SUPPLIED DATA:
+--
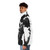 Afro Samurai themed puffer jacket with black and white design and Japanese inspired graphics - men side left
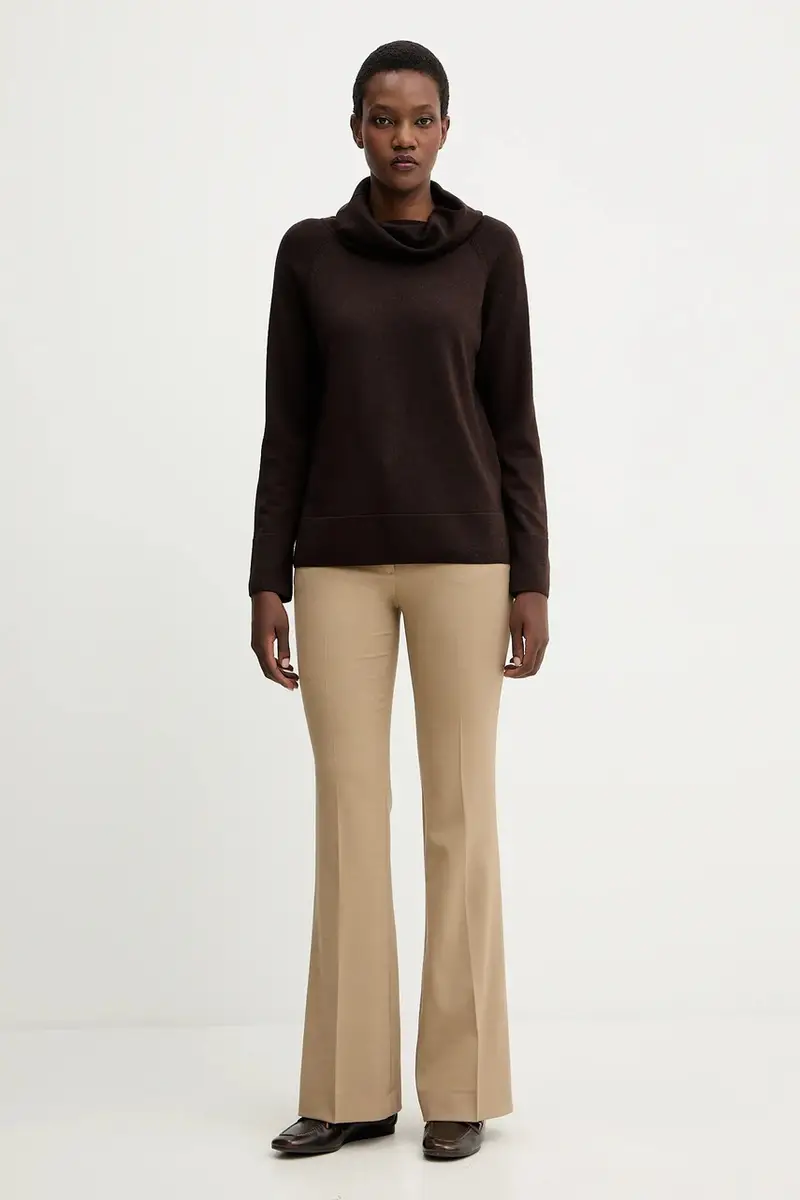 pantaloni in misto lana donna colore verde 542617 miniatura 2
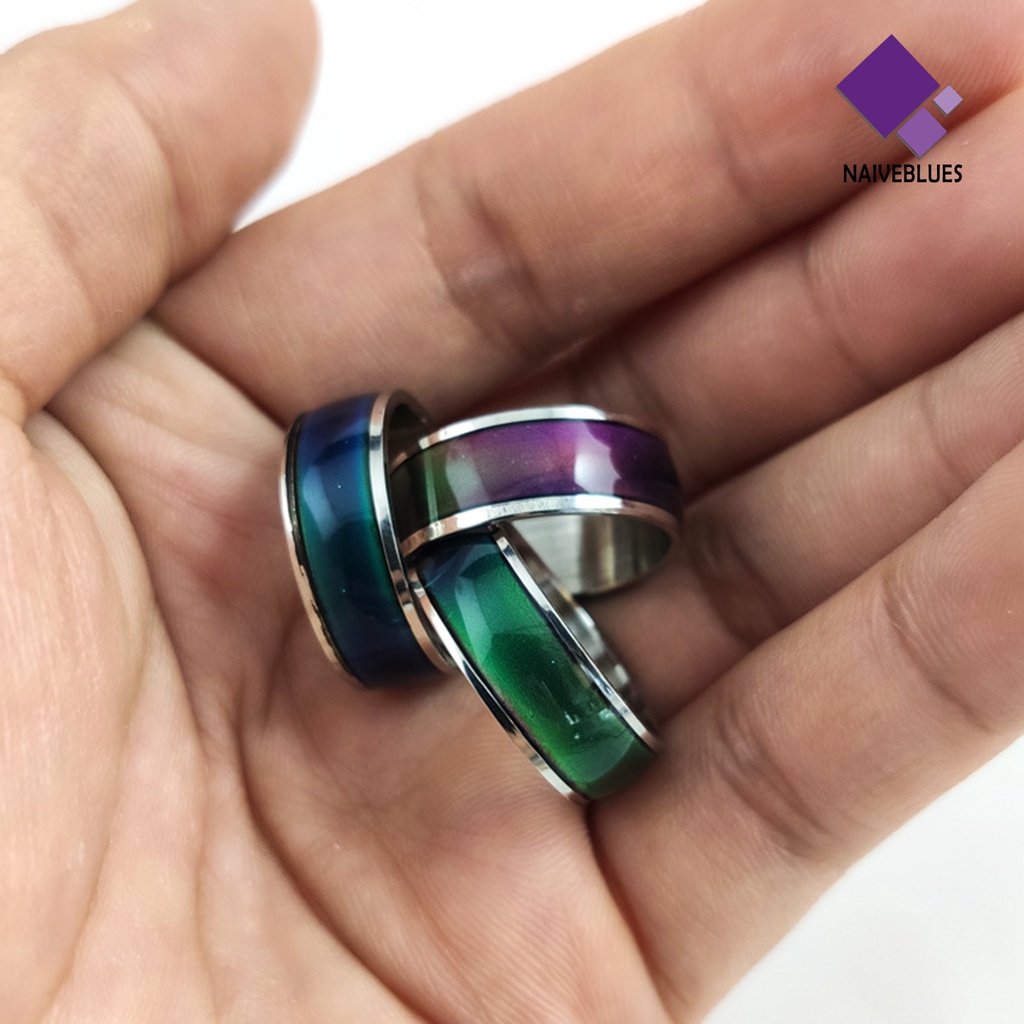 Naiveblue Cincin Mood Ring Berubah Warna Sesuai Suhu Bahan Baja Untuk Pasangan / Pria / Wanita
+--
WHAT THE EXERCISE ASKS:
Would it be possible to give the material above again exactly, with the pictures left out?

EXERCISE RESULT:
 Afro Samurai themed puffer jacket with black and white design and Japanese inspired graphics - men side left
 pantaloni in misto lana donna colore verde 542617 miniatura 2
 Naiveblue Cincin Mood Ring Berubah Warna Sesuai Suhu Bahan Baja Untuk Pasangan / Pria / Wanita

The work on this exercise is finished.